A new report by World Wide Fund for Nature and Zoological Society of London reveals that one in five companies did not submit sustainability reports to the Roundtable on Sustainable Palm Oil in 2018 while many remain far from being free from deforestation and exploitation.

palm oil harvest thailand
Harvested fruit from a palm oil plantation in Thailand. The Roundtable on Sustainable Palm Oil (RSPO) aims to promote the growth and use of sustainable oil palm products through credible global standards and engagement of stakeholders. Image: think4photop / Shutterstock.com

Evasion of reporting commitments by members of the Roundtable on Sustainable Palm Oil (RSPO) is hindering progress towards making sustainable palm oil the norm, a report from World Wide Fund for Nature (WWF) and the Zoological Society of London has found.

According to the report titled Committed to sustainable palm oil?, an analysis of RSPO members reporting on their Annual Communication of Progress (ACOP), reveals that one in five members failed to report their progress on becoming 100 per cent certified last year, while most companies are far from hitting their 2020 targets.

The RSPO, the leading certification for responsibly sourced palm oil, makes it mandatory for ordinary and affiliate members to report an ACOP every year to gauge their progress towards 100 per cent certified sustainable palm oil.

The report emerges as Selfridges, an upmarket department store chain in the United Kingdom, announced that it would remove palm oil from all its own products in a year, making it the second British retail company to make the move after Iceland supermarket committed to do the same last year. 
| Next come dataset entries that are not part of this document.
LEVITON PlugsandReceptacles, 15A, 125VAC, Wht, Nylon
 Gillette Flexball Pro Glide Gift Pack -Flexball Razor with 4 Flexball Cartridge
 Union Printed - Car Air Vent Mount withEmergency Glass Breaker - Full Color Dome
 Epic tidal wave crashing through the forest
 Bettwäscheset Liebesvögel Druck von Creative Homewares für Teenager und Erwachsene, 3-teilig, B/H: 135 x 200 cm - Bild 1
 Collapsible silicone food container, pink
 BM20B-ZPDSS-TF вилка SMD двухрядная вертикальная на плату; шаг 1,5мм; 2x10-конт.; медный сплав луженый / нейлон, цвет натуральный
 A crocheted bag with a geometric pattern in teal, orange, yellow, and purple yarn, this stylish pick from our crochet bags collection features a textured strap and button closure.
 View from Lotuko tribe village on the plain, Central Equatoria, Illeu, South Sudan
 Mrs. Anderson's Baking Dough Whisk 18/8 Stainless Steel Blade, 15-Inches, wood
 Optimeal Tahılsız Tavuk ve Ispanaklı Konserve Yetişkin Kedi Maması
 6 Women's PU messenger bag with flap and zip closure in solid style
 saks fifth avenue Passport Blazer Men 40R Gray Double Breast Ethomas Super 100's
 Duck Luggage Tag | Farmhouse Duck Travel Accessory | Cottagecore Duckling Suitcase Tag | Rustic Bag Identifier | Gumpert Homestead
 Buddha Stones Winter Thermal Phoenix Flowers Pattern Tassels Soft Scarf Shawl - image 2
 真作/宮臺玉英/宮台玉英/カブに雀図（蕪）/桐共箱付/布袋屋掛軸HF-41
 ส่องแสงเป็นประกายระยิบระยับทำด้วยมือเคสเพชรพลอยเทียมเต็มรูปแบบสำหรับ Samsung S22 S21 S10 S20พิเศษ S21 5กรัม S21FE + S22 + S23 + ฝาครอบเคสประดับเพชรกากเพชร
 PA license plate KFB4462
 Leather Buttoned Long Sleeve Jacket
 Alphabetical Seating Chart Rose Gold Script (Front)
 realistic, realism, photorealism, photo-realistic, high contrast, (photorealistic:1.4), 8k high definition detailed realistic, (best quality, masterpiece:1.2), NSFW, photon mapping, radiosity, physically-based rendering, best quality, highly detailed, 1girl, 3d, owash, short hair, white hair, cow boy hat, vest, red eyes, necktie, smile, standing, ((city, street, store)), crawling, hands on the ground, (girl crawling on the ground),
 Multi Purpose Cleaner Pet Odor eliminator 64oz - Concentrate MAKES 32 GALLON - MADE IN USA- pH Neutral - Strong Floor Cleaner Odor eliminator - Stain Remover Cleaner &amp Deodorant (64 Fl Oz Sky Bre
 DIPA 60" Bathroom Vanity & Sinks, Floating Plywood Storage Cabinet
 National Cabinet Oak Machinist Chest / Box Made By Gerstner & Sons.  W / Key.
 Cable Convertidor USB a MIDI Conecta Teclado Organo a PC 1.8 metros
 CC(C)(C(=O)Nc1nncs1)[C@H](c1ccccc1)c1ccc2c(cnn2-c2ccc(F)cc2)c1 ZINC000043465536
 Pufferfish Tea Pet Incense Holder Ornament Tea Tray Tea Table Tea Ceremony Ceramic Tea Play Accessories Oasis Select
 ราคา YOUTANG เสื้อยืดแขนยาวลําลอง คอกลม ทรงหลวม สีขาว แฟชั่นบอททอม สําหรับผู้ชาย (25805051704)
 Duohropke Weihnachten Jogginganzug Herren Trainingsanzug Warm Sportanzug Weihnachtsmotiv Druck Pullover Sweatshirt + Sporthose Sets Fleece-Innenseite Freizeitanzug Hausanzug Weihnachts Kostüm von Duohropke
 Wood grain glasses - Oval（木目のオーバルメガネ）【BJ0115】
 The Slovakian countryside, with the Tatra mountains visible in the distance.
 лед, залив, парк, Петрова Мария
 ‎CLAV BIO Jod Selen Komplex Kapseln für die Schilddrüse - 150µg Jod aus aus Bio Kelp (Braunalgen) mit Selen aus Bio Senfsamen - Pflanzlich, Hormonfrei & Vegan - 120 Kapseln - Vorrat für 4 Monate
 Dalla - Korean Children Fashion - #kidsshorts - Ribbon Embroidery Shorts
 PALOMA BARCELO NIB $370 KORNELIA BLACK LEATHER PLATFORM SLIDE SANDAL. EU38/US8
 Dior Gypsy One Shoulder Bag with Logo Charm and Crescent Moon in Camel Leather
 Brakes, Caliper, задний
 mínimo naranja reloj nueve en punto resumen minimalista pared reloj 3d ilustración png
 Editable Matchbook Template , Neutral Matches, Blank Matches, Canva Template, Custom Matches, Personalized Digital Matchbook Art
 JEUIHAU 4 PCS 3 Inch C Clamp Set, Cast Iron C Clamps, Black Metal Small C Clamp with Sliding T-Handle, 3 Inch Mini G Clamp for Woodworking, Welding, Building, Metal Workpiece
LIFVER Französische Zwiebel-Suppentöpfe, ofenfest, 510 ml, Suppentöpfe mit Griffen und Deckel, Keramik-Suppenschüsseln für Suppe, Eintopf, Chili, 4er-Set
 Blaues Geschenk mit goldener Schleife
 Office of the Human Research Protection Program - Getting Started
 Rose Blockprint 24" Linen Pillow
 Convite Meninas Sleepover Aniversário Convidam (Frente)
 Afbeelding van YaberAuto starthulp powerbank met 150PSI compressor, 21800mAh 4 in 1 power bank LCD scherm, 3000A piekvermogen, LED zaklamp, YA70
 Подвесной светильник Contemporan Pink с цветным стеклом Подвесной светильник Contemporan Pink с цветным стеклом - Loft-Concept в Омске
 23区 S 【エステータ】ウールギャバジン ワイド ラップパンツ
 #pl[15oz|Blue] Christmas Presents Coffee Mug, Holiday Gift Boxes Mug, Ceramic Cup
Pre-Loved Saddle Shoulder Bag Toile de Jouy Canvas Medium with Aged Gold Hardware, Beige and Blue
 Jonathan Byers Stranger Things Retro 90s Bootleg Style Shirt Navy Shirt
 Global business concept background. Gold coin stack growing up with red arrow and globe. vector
Over a thousand consumer goods manufacturers, processors, traders, retailers and growers make up the RSPO membership, including major consumer brands such as PepsiCo and Nestlé.

However, in 2018, almost one in four RSPO member companies submitted incomplete or low-quality information in their ACOP reports, while 20 per cent did not even submit a report to the certification body, casting grave doubts over companies’ commitments to produce, trade and purchase sustainable palm oil.

The report also reveals that while several companies have pledged to source palm oil that is free of deforestation and exploitation by 2020, most of them are nowhere close to reaching their targets, while many others have set far less ambitious targets.

Less than a fifth of member companies have committed to producing or sourcing 100 per cent certified palm oil by 2020, while one fifth of consumer goods manufacturers that have a 2020 target have have not procured RSPO-certified palm oil. 

“The ACOP is a really important tool for the RSPO to monitor companies’ progress on sustainable palm oil, and the RSPO needs to focus on the reasons behind why they aren’t submitting it,” Elizabeth Clarke, global palm oil lead at WWF Singapore told Eco-Business.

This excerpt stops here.